[URBAN NOTE] “How Toronto could solve its revenue woes and fight climate change”
NOW Toronto‘s John Cartwright has more suggestions for the city government of Toronto to raise more money, via a parking levy.
The KPMG report on city revenue tools clearly shows one option above all others that makes sense both financially and morally: a commercial parking levy that could raise $171 to $535 million a year with a daily tax of 50 cents to $1.50 for a parking spot. It would be paid by the richest landowners in the city. We’re talking serious money, and the chance to stabilize Toronto’s finances for years to come.
There could be an exemption for small strip malls. They don’t enjoy the same kind of revenue as the big boys – an 18 per cent increase in one year for Yorkdale, 33 per cent for Royal Bank Plaza, 8 per cent for the Eaton Centre and Fairview. You get the picture. That’s why the big commercial landlords have their lobbyists furiously working the halls of 100 Queen West to derail any attempt at this sensible solution. But it really is the only option of the magnitude to provide real investment in Toronto’s future.
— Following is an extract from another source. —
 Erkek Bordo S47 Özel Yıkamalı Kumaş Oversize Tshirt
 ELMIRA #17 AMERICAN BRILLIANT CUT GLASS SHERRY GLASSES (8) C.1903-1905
We could also claim the income from the hotel levy that Dalton McGuinty denied us in the original City Of Toronto Act. Every other major city derives funds from hotel visits, and Premier Kathleen Wynne has signalled that she’s willing to entertain the idea.
But it alone won’t provide the amount needed for serious work or make up for the loss of land transfer funds when the real estate market cools down.
So let’s focus on fairness and ask those with the most resources to contribute their share to keep Toronto a livable city. For affordable public transit, decent housing, accessible recreation for our youth and services for seniors, everyone needs to pitch in.